(WHAT NEEDS TO BE DONE)
Print, in exact form, the lines below from the one containing "XLNC Citrine Wave" through the one containing "Karadeniz’in ilk motorize", and omit all others.

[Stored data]
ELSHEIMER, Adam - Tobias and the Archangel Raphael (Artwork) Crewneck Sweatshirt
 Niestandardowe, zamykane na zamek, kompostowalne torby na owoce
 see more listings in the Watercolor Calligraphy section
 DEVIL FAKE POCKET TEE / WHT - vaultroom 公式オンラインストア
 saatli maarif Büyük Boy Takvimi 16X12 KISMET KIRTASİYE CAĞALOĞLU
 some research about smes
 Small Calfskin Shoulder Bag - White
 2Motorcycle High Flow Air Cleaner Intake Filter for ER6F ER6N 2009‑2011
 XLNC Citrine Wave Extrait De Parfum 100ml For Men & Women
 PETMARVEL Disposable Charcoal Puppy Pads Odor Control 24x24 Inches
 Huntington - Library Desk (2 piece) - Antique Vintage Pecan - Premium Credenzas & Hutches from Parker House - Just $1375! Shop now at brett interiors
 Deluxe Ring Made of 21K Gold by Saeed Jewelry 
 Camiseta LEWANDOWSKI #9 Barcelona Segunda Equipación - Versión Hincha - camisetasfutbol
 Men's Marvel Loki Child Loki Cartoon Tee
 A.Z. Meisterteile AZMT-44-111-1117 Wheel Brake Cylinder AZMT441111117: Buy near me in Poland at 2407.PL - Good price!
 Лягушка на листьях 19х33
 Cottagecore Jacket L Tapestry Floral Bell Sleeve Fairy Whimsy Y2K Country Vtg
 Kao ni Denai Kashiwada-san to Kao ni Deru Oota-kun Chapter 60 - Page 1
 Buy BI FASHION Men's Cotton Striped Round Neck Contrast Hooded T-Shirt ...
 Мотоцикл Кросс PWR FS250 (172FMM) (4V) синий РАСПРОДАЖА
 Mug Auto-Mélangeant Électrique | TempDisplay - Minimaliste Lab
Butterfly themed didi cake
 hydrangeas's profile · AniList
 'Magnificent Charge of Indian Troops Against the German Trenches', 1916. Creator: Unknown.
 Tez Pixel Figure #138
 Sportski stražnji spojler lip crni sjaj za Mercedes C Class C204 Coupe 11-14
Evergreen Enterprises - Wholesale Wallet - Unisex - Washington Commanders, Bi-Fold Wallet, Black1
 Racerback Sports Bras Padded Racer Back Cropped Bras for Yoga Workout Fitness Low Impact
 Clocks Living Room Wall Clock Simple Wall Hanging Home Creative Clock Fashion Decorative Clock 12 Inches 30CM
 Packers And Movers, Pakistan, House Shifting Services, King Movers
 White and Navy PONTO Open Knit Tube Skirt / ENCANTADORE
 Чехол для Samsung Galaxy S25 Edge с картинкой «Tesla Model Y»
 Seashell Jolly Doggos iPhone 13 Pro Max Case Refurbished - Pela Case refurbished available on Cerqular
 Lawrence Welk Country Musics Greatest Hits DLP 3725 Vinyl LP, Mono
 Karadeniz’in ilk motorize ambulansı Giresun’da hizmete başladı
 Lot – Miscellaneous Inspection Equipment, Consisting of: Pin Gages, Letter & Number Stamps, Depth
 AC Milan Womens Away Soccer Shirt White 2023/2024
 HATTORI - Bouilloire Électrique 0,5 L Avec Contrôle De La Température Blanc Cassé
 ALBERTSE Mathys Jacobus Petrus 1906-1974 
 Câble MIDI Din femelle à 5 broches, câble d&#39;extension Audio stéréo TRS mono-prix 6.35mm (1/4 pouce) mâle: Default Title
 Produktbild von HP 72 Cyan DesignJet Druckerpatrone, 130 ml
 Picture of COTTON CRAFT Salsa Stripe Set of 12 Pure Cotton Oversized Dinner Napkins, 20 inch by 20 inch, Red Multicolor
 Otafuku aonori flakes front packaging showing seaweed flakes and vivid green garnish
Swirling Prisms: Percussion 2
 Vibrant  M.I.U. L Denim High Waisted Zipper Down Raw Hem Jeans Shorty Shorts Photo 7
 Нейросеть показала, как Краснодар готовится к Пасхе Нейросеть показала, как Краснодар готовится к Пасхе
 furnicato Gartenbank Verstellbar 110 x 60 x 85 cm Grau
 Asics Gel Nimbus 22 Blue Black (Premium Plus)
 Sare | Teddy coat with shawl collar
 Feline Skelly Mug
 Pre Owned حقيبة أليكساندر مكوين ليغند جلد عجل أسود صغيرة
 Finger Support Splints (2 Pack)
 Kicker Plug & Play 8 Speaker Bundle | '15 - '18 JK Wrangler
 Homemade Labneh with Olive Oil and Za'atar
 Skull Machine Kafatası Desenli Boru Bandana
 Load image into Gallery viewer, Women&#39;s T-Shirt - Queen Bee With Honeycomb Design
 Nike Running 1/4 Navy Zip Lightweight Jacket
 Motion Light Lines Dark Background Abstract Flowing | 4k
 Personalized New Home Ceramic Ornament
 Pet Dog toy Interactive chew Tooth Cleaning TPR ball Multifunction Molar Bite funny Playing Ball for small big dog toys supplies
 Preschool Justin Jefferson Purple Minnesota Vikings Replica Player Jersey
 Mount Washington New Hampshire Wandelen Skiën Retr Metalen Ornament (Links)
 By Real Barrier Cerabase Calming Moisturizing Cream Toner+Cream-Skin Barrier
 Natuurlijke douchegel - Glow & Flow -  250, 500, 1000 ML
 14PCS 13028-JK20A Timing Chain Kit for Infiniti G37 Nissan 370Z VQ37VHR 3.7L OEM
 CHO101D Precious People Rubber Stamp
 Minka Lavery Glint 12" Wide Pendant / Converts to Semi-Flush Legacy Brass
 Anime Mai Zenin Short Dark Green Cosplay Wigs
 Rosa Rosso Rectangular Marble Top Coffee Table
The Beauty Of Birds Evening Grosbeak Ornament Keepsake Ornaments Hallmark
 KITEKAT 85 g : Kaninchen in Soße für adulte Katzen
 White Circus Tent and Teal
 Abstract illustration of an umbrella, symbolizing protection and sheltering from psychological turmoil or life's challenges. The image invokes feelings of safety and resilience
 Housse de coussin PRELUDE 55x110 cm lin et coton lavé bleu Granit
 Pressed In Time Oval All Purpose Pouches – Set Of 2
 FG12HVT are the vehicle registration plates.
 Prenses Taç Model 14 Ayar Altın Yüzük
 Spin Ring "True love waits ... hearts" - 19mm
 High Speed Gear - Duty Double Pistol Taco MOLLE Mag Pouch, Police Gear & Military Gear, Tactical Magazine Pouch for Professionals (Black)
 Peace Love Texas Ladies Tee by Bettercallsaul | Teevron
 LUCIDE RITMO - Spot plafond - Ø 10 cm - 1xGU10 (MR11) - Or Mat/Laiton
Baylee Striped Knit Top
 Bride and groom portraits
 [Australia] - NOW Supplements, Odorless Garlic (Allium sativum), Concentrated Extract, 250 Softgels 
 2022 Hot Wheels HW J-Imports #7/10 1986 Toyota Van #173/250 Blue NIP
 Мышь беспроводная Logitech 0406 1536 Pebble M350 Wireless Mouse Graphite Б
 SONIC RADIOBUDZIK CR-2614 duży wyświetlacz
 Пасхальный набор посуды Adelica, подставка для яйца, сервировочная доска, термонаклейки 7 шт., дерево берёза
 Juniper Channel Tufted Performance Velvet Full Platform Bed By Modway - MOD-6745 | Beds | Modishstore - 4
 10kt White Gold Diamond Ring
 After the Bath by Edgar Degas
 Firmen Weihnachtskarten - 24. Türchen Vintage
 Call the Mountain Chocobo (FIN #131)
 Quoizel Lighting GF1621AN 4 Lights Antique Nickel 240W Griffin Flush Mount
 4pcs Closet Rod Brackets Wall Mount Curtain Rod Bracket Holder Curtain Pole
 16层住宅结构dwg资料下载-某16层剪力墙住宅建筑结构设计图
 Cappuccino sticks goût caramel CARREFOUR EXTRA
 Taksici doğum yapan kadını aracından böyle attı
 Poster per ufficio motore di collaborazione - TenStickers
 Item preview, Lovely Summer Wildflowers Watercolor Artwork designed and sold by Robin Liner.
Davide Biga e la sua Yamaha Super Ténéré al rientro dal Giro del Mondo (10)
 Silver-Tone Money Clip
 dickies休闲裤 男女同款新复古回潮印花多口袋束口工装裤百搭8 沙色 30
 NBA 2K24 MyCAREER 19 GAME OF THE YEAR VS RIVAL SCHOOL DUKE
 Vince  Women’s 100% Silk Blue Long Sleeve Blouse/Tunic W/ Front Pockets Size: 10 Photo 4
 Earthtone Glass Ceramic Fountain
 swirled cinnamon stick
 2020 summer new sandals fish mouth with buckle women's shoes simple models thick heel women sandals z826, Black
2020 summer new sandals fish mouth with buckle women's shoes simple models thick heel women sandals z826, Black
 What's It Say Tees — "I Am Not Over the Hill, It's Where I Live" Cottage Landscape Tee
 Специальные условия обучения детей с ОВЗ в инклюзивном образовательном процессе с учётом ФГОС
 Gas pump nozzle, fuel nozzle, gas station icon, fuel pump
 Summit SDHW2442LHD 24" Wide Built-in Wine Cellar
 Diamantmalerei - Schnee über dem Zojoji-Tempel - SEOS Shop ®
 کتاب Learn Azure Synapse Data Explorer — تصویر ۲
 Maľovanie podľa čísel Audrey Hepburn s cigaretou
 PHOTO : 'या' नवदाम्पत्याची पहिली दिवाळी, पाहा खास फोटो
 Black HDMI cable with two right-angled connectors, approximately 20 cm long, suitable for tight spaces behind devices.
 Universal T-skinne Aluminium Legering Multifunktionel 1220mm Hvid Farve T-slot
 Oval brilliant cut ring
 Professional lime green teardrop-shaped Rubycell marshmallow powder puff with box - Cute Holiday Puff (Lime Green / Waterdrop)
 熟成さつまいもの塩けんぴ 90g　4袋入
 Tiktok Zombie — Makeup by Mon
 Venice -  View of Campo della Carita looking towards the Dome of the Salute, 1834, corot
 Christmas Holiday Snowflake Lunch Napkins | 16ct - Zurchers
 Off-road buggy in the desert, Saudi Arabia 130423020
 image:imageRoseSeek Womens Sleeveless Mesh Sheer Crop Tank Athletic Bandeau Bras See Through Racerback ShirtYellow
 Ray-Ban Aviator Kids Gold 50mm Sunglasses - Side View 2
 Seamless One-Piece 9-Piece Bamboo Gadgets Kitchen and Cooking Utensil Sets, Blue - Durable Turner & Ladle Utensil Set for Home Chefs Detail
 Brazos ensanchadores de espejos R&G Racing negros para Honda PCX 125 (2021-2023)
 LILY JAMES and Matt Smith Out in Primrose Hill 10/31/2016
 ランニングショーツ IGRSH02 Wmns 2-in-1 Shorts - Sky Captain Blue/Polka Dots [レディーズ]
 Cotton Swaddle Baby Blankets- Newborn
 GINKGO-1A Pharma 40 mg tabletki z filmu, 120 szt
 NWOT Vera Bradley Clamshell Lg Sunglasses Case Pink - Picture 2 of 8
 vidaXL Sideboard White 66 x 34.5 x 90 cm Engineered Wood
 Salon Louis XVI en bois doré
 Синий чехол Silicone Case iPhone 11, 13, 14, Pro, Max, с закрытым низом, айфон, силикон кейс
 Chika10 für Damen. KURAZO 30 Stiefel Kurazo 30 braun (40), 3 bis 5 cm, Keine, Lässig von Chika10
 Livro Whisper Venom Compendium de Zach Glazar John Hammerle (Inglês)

(SOLUTION TO THIS EXERCISE)
 XLNC Citrine Wave Extrait De Parfum 100ml For Men & Women
 PETMARVEL Disposable Charcoal Puppy Pads Odor Control 24x24 Inches
 Huntington - Library Desk (2 piece) - Antique Vintage Pecan - Premium Credenzas & Hutches from Parker House - Just $1375! Shop now at brett interiors
 Deluxe Ring Made of 21K Gold by Saeed Jewelry 
 Camiseta LEWANDOWSKI #9 Barcelona Segunda Equipación - Versión Hincha - camisetasfutbol
 Men's Marvel Loki Child Loki Cartoon Tee
 A.Z. Meisterteile AZMT-44-111-1117 Wheel Brake Cylinder AZMT441111117: Buy near me in Poland at 2407.PL - Good price!
 Лягушка на листьях 19х33
 Cottagecore Jacket L Tapestry Floral Bell Sleeve Fairy Whimsy Y2K Country Vtg
 Kao ni Denai Kashiwada-san to Kao ni Deru Oota-kun Chapter 60 - Page 1
 Buy BI FASHION Men's Cotton Striped Round Neck Contrast Hooded T-Shirt ...
 Мотоцикл Кросс PWR FS250 (172FMM) (4V) синий РАСПРОДАЖА
 Mug Auto-Mélangeant Électrique | TempDisplay - Minimaliste Lab
Butterfly themed didi cake
 hydrangeas's profile · AniList
 'Magnificent Charge of Indian Troops Against the German Trenches', 1916. Creator: Unknown.
 Tez Pixel Figure #138
 Sportski stražnji spojler lip crni sjaj za Mercedes C Class C204 Coupe 11-14
Evergreen Enterprises - Wholesale Wallet - Unisex - Washington Commanders, Bi-Fold Wallet, Black1
 Racerback Sports Bras Padded Racer Back Cropped Bras for Yoga Workout Fitness Low Impact
 Clocks Living Room Wall Clock Simple Wall Hanging Home Creative Clock Fashion Decorative Clock 12 Inches 30CM
 Packers And Movers, Pakistan, House Shifting Services, King Movers
 White and Navy PONTO Open Knit Tube Skirt / ENCANTADORE
 Чехол для Samsung Galaxy S25 Edge с картинкой «Tesla Model Y»
 Seashell Jolly Doggos iPhone 13 Pro Max Case Refurbished - Pela Case refurbished available on Cerqular
 Lawrence Welk Country Musics Greatest Hits DLP 3725 Vinyl LP, Mono
 Karadeniz’in ilk motorize ambulansı Giresun’da hizmete başladı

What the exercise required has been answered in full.